Really, no sense beating a dead horse. Going catatonic is the least of their worries.


----------



## pikachuwei (Apr 17, 2011)

Snake Hazama uses UPTILT and kicks narutoverse into oblivion


----------



## KeitaKuhn (Apr 17, 2011)

Hazama loses because he actually has some dignity. Also, since when did he ever show the power to do mindfucks without trolling? When he made Jin cut off Ragna's hand? Didn't he possess him for that?


----------



## Cypher0120 (Apr 17, 2011)

KeitaKuhn said:


> Hazama loses because he actually has some dignity. Also, since when did he ever show the power to do mindfucks without trolling? When he made Jin cut off Ragna's hand? Didn't he possess him for that?

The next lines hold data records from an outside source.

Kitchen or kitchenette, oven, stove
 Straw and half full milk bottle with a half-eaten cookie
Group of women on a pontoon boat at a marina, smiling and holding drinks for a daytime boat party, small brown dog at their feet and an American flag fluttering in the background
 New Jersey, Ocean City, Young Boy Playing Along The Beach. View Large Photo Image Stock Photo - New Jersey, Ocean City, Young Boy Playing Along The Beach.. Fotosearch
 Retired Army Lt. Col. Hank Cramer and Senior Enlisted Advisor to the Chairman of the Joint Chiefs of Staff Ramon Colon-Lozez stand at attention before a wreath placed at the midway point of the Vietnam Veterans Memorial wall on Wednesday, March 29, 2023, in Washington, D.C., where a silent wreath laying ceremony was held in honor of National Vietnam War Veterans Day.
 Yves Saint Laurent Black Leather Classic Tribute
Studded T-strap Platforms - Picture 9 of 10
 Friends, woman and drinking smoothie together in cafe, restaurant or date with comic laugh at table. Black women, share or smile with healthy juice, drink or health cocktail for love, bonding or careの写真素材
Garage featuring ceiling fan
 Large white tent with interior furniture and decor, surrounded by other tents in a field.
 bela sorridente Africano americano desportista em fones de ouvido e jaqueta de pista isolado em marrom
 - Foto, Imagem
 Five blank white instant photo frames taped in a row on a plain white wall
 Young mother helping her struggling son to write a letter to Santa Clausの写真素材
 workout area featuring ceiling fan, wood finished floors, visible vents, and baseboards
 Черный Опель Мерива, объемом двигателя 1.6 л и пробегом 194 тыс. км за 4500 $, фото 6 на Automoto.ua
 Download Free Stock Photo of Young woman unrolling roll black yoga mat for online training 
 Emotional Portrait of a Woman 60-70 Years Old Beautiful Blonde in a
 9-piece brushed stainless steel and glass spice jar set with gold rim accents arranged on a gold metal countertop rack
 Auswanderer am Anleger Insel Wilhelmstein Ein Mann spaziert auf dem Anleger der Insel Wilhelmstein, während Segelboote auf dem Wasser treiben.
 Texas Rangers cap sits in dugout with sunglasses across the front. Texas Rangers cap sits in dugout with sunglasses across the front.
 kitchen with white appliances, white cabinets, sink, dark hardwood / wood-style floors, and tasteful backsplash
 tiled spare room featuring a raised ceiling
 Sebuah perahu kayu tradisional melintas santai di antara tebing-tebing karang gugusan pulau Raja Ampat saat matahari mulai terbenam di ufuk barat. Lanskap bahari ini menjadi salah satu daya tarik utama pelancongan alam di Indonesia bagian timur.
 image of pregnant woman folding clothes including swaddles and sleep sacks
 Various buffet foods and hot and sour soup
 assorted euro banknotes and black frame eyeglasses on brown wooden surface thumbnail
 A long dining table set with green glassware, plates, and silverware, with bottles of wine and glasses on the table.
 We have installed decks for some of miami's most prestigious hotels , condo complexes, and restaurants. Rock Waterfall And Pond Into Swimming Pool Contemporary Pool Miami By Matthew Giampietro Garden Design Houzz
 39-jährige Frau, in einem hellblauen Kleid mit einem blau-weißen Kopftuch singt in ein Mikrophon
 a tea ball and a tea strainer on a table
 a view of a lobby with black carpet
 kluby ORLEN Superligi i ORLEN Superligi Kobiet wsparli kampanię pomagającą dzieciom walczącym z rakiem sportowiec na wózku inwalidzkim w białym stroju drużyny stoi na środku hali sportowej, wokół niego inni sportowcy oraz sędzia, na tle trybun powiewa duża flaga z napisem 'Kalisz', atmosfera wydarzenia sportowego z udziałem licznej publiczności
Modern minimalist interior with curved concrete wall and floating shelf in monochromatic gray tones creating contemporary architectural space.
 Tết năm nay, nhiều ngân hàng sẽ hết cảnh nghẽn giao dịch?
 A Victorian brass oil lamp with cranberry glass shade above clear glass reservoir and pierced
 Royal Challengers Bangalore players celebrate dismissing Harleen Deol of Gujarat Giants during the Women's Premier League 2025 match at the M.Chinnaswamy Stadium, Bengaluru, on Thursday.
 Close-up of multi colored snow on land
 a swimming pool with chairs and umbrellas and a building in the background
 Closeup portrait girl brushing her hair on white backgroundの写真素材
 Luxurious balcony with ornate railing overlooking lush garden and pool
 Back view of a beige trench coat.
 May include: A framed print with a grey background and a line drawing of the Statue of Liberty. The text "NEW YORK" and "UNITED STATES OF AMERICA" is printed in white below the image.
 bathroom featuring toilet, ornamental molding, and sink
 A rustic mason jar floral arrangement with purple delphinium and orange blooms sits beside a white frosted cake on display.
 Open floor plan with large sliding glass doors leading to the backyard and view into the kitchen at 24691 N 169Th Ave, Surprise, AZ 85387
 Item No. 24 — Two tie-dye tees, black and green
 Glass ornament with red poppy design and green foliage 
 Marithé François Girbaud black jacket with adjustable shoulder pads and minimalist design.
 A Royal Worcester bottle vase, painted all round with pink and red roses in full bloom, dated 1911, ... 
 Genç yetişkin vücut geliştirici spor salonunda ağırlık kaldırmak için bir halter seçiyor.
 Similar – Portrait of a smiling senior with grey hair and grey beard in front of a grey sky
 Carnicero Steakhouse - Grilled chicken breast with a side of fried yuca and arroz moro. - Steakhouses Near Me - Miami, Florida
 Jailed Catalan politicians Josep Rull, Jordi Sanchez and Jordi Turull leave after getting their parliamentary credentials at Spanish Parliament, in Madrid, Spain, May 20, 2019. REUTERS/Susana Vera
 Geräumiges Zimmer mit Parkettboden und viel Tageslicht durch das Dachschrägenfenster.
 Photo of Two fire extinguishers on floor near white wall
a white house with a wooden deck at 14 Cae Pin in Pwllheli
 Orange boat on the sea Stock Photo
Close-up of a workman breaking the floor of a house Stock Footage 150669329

Nox Nyctores Ouroborus can attack the mind even without being used as a proper weapon.


----------



## TeenRyu (Apr 17, 2011)

Hazama's Troll is so strong Naruto would just simply lift his chin and go flying. He would troll Hinata's love for Naruto, make Naruto go 9 tails and just simply mind fuck him casually, all while laughing and pointing. Truly, Hazama takes Aizen level trolling like a light troll. He trolled the Game. I wouldn't be surprised if he broke the fucking 4th wall next game, he might as well, given he can, without fail control the entire thing. oh; and he hates loud people.


----------



## KeitaKuhn (Apr 17, 2011)

TeenRyu said:


> Hazama's Troll is so strong Naruto would just simply lift his chin and go flying. He would troll Hinata's love for Naruto, make Naruto go 9 tails and just simply mind fuck him casually, all while laughing and pointing. Truly, Hazama takes Aizen level trolling like a light troll. He trolled the Game. I wouldn't be surprised if he broke the fucking 4th wall next game, he might as well, given he can, without fail control the entire thing. oh; and he hates loud people.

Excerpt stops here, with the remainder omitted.